Tout simplement, je prends beaucoup de plaisir dans cet échange avec Laurent, et quand on se produit ensemble, pendant tout le concert, je me sens dans un état de joie… Laurent fait plein de traits d’humour à mon intention. J’entends de l’humour pendant que nous jouons ! Et ça, c’est magnifique.

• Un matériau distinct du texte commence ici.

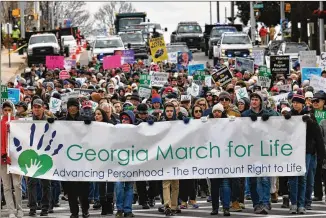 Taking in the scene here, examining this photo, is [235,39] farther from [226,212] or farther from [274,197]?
[226,212]

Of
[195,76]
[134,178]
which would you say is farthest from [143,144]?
[195,76]

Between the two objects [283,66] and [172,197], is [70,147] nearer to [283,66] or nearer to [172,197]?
[172,197]

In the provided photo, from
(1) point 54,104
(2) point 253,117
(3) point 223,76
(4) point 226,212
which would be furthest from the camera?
(3) point 223,76

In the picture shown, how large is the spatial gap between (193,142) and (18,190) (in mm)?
2470

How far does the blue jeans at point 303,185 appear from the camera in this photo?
15.7 meters

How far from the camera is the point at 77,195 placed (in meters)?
15.6

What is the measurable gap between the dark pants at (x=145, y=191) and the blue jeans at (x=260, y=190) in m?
1.72

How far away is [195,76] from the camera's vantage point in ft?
95.5

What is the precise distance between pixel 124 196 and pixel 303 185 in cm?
244

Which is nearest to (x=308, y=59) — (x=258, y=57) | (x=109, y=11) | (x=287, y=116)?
(x=258, y=57)

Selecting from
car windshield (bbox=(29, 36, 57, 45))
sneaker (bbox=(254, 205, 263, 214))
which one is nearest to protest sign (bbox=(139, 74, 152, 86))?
sneaker (bbox=(254, 205, 263, 214))

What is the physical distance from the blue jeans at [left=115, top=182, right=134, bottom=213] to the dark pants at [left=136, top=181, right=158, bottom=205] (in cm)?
103

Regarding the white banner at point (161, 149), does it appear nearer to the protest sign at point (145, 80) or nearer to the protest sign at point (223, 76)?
the protest sign at point (223, 76)

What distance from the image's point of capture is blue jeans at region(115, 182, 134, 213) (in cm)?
1558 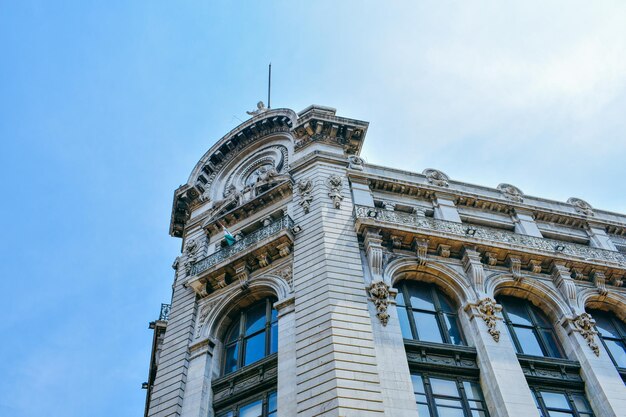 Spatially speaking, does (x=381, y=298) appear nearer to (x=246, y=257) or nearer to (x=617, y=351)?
(x=246, y=257)

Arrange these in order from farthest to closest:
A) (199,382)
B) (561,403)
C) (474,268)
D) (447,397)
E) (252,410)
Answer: (474,268) < (199,382) < (561,403) < (252,410) < (447,397)

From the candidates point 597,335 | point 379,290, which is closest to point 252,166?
point 379,290

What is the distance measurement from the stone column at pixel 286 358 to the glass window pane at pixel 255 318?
1.63 m

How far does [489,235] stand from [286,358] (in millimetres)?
11178

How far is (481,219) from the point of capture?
2880 centimetres

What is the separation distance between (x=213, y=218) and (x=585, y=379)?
17823 millimetres

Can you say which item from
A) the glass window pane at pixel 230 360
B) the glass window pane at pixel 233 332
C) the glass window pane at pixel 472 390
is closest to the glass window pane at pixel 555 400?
the glass window pane at pixel 472 390

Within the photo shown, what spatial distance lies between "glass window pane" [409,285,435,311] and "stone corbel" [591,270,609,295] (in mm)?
7881

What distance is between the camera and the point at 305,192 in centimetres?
2688

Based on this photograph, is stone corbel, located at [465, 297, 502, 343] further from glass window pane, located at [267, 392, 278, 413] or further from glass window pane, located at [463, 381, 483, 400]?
glass window pane, located at [267, 392, 278, 413]

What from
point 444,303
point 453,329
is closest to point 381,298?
point 453,329

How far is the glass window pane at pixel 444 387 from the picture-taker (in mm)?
20109

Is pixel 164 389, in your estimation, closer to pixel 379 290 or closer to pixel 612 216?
pixel 379 290

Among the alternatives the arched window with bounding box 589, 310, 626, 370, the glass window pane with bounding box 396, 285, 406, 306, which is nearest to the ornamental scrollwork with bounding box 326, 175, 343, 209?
the glass window pane with bounding box 396, 285, 406, 306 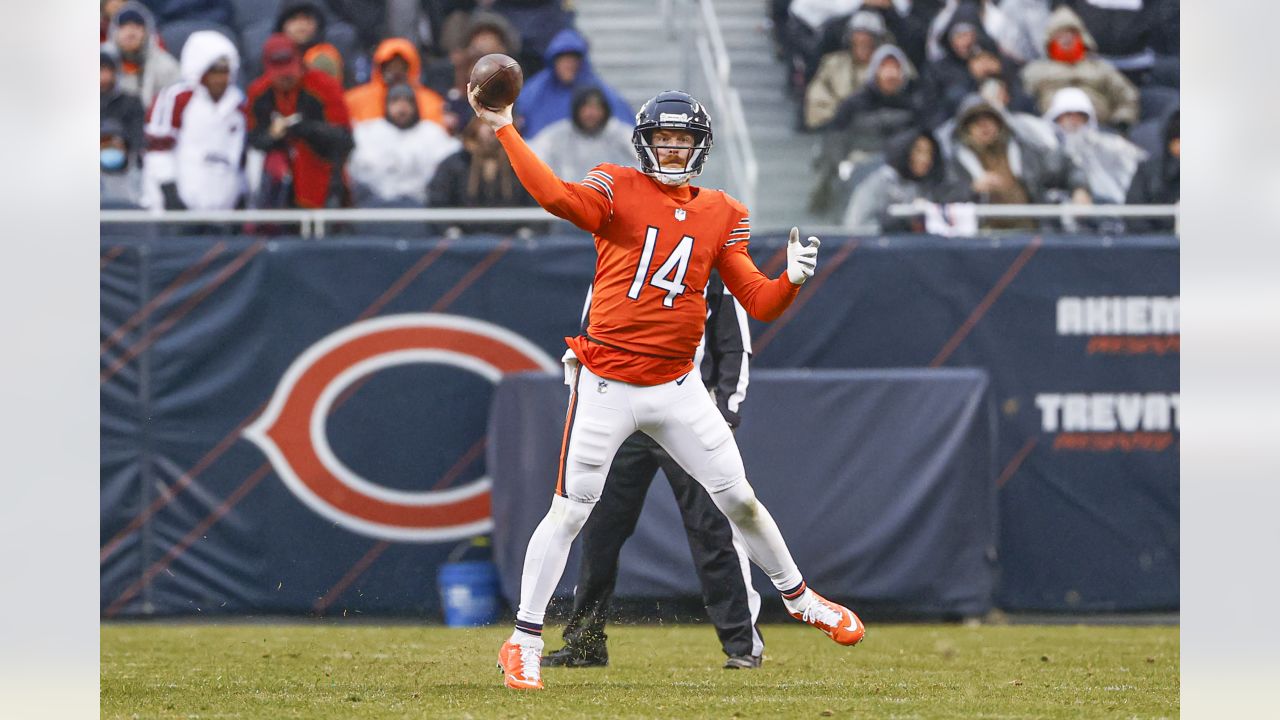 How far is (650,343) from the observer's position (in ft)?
20.3

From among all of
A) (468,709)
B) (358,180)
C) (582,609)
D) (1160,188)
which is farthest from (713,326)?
(1160,188)

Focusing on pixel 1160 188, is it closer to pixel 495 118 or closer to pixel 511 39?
pixel 511 39

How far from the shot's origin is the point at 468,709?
5539 mm

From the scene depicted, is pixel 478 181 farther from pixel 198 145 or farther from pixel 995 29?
pixel 995 29

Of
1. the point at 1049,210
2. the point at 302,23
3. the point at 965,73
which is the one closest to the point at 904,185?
the point at 1049,210

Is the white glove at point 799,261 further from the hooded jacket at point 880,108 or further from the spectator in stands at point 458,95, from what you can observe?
the spectator in stands at point 458,95

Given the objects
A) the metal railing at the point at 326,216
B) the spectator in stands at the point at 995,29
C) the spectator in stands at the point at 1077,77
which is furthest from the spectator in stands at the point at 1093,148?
the metal railing at the point at 326,216

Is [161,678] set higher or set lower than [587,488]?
lower

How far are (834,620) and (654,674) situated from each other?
95 centimetres

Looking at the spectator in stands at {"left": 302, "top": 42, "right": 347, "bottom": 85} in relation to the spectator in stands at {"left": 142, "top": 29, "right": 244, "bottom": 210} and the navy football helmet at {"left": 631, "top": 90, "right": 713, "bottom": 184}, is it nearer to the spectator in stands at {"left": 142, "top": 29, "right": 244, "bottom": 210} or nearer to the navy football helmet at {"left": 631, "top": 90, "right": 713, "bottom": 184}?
the spectator in stands at {"left": 142, "top": 29, "right": 244, "bottom": 210}

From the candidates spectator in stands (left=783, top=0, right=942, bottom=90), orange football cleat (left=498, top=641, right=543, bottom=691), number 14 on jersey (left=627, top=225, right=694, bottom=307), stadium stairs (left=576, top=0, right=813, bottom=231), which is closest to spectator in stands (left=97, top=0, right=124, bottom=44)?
stadium stairs (left=576, top=0, right=813, bottom=231)

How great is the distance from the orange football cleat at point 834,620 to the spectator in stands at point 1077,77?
6753 millimetres

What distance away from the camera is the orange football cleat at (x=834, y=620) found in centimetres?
635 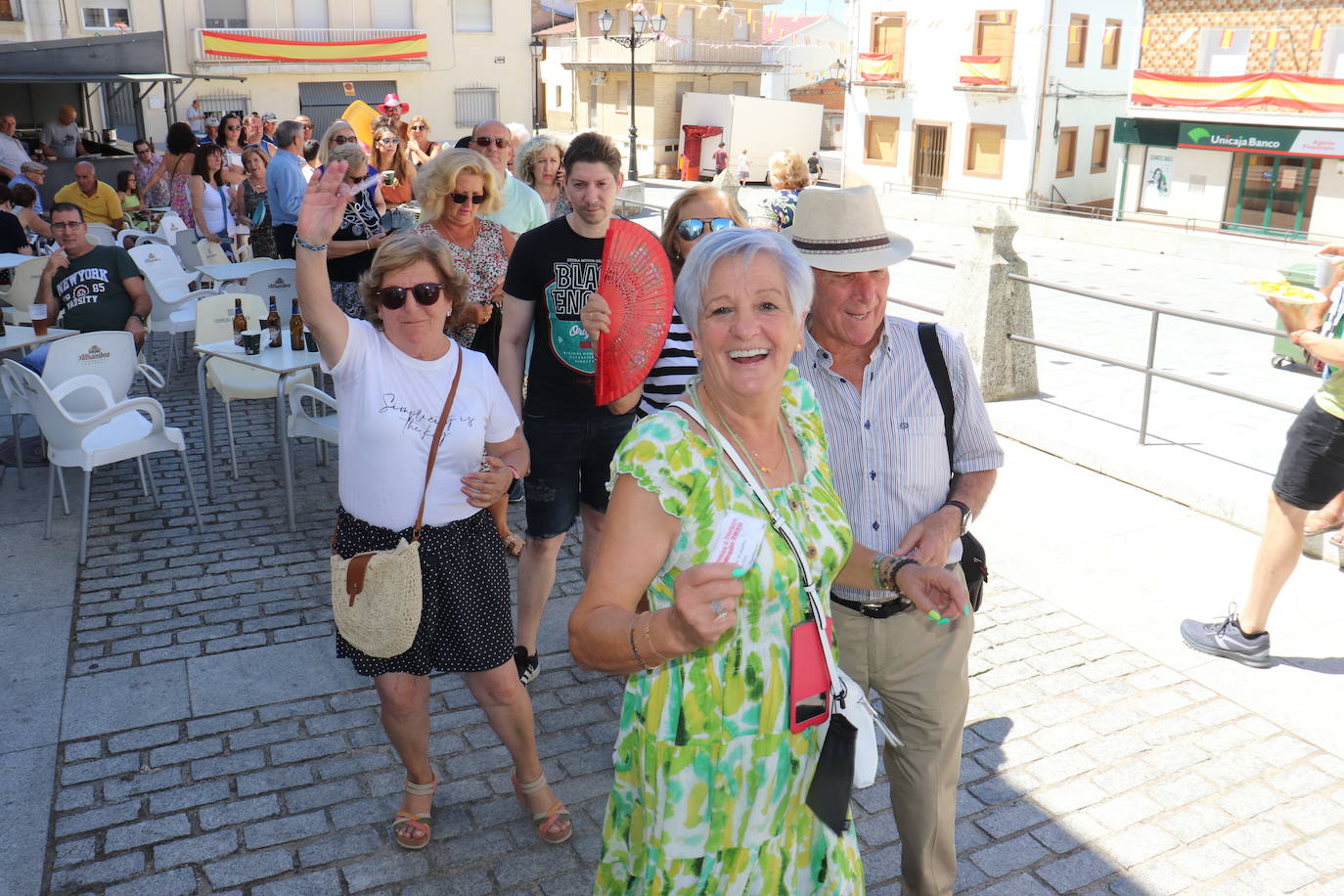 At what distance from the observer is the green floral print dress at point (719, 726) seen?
2.11m

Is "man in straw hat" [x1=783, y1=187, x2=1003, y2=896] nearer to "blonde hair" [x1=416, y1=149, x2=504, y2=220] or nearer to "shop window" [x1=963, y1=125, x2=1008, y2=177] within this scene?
"blonde hair" [x1=416, y1=149, x2=504, y2=220]

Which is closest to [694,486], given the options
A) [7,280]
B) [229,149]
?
[7,280]

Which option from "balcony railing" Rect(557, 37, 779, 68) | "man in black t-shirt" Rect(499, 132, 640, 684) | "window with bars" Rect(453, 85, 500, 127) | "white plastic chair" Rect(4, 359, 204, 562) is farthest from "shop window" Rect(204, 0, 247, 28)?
"man in black t-shirt" Rect(499, 132, 640, 684)

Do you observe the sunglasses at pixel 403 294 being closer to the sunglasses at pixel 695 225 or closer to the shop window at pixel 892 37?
the sunglasses at pixel 695 225

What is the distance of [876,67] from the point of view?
41.2m

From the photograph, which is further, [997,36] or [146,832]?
[997,36]

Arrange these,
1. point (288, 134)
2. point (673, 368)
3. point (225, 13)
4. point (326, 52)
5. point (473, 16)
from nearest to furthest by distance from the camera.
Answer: point (673, 368)
point (288, 134)
point (225, 13)
point (326, 52)
point (473, 16)

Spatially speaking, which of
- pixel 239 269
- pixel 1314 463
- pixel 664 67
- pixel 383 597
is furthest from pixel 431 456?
pixel 664 67

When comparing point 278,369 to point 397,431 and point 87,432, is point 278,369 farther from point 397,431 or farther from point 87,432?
point 397,431

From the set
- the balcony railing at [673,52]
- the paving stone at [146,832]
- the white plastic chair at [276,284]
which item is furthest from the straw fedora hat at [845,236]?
the balcony railing at [673,52]

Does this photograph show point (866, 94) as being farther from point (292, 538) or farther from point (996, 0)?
point (292, 538)

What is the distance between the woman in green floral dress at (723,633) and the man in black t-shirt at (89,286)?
6.19 m

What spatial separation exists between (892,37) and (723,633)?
43196 mm

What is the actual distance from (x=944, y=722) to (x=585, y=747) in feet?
5.51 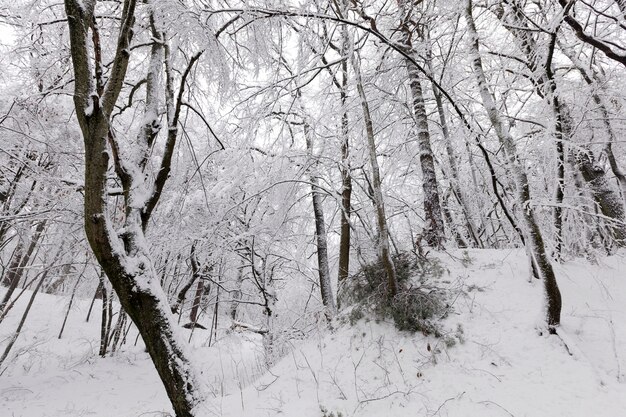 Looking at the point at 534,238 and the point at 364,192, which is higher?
the point at 364,192

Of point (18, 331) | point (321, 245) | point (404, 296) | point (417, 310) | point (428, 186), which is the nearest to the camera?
point (417, 310)

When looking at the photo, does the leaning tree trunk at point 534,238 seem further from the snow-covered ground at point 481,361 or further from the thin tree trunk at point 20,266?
the thin tree trunk at point 20,266

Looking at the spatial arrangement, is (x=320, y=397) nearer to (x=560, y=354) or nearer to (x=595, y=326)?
(x=560, y=354)

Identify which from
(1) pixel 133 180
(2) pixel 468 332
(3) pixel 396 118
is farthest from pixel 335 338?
(3) pixel 396 118

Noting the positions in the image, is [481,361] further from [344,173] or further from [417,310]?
[344,173]

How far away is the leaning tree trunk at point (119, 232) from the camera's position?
3.06m

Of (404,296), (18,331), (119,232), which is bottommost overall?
(18,331)

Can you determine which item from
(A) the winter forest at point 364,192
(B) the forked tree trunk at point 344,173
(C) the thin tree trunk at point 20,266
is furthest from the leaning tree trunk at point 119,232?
(C) the thin tree trunk at point 20,266

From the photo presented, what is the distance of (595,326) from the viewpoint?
3.14 m

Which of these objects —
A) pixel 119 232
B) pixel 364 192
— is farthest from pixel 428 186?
pixel 119 232

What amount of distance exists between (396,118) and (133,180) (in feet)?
14.8

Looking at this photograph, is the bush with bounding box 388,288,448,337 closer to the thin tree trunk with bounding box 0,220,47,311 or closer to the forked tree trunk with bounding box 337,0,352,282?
the forked tree trunk with bounding box 337,0,352,282

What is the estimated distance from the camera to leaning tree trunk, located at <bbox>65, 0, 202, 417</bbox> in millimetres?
3064

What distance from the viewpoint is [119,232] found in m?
3.51
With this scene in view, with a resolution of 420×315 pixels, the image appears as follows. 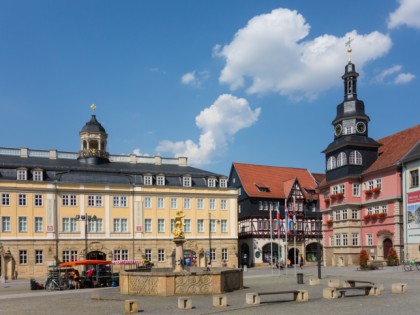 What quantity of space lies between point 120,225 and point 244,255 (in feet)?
61.5

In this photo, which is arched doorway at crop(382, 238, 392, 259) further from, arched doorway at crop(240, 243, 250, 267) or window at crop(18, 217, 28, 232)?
window at crop(18, 217, 28, 232)

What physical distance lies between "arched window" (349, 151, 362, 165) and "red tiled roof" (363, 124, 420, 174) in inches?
56.5

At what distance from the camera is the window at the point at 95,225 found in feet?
185

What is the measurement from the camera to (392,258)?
159 ft

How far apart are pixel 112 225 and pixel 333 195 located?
23770 mm

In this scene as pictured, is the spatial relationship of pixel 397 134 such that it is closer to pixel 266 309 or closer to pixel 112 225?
pixel 112 225

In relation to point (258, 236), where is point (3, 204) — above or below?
above

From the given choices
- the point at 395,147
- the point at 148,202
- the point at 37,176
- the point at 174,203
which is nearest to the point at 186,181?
the point at 174,203

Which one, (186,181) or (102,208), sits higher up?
(186,181)

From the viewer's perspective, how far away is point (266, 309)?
1936 centimetres

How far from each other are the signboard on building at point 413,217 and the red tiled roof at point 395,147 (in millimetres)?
3992

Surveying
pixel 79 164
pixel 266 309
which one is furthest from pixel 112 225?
pixel 266 309

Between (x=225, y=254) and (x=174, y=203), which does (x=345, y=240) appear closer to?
(x=225, y=254)

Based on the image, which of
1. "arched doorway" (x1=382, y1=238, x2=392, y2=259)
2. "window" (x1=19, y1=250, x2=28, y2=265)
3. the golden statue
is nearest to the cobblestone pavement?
the golden statue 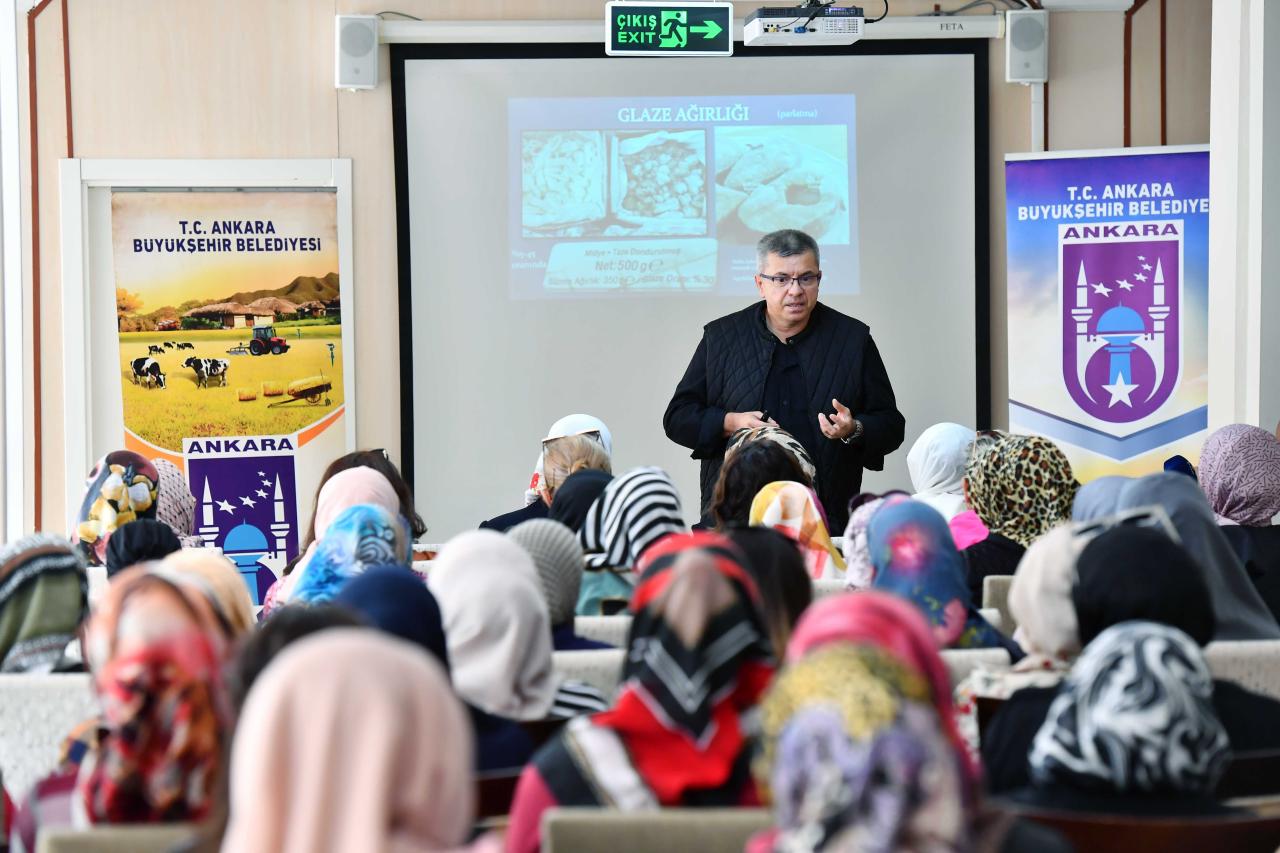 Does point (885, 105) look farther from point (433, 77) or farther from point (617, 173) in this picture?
point (433, 77)

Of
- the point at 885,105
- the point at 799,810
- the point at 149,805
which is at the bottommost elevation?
the point at 149,805

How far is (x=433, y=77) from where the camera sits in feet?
23.6

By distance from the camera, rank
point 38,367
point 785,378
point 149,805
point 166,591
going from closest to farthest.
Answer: point 149,805, point 166,591, point 785,378, point 38,367

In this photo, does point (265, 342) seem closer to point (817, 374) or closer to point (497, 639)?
point (817, 374)

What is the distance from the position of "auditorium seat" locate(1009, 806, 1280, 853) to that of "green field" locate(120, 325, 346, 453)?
19.2 ft

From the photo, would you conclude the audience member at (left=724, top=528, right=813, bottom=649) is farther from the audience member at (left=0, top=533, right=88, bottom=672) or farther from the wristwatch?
the wristwatch

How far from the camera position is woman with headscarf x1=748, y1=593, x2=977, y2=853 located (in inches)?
50.6

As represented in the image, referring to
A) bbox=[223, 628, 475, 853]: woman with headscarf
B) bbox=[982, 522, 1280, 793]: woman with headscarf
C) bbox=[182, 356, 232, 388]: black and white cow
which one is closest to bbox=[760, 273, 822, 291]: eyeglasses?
bbox=[182, 356, 232, 388]: black and white cow

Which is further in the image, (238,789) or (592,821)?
(592,821)

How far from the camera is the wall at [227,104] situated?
280 inches

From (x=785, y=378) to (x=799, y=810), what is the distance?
444cm

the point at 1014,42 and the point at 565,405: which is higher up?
the point at 1014,42

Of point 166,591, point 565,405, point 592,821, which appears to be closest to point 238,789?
point 592,821

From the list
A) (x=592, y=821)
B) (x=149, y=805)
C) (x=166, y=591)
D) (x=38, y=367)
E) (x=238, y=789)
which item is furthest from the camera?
(x=38, y=367) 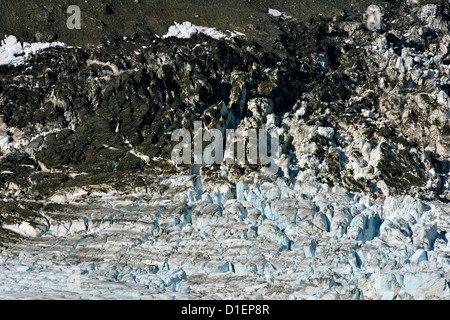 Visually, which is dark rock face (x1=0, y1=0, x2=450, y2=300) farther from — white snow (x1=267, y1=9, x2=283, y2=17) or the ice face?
white snow (x1=267, y1=9, x2=283, y2=17)

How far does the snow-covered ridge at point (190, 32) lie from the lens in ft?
477

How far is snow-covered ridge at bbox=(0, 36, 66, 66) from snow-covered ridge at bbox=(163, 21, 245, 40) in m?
21.3

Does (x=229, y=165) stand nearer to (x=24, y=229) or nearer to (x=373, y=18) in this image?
(x=24, y=229)

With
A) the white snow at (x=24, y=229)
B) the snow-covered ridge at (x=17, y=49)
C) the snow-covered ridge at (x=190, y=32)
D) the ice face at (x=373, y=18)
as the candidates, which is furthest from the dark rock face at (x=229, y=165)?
the snow-covered ridge at (x=190, y=32)

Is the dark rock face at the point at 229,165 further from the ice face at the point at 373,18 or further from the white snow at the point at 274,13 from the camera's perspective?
the white snow at the point at 274,13

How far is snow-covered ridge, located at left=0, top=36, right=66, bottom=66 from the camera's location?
14075 cm

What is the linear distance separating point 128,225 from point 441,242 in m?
41.6

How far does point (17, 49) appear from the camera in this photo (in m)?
143

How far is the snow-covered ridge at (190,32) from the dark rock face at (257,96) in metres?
2.49

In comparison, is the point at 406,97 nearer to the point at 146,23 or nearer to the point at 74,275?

- Et j’imagine que vous vous surprenez mutuellement, sans cesse !
- L2W : Constamment ! Par exemple, j'ai sérieusement fauté dans un enregistrement pour la télévision, et Ray m’a rattrapé avec une aisance de joueur de badminton ! [à Ray] J’étais en train de sortir de la ligne, tu as sorti la raquette et tu m’as juste remis bien au milieu, thank you, Sir !
- RL : Dans les musiques non sérieuses, justement, ça fait partie de la créativité. Même s'il y a des glissades : je l’embrasse dans la glissade, ça devient un truc absolument artistique ! [Laurent rit] C’est ça qui est beau dans ce genre musical, en tout cas dans nos musiques africaines où les fautes ne sont pas des fautes, c’est la vie ! Et parfois, on fait des fautes volontairement, avec certains accords…
- L2W : De bonnes fautes !

Il y a des gens qui ne supportent pas de se mettre à nu. Mais nous, on n’a pas peur.

Ray Lema
- C'est amusant que vous utilisiez l'expression "musiques non sérieuses"...
- RL : J’ai croisé des musiciens occidentaux, j’ai joué avec eux. Et vous sentez que la musique est un boulot sérieux, ici. Et que si vous leur enlevez la musique, ils sont désarçonnés, frustrés, avec un mauvais caractère ! D'un point de vue humain, la rencontre avec Laurent est une belle expérience pour moi. Parce que je n’aime pas être un musicien full time (ndlr : à temps plein), j’aime d’abord être un humain full time. C’est pour ça que je dis souvent que les musiques que je joue ne sont pas sérieuses.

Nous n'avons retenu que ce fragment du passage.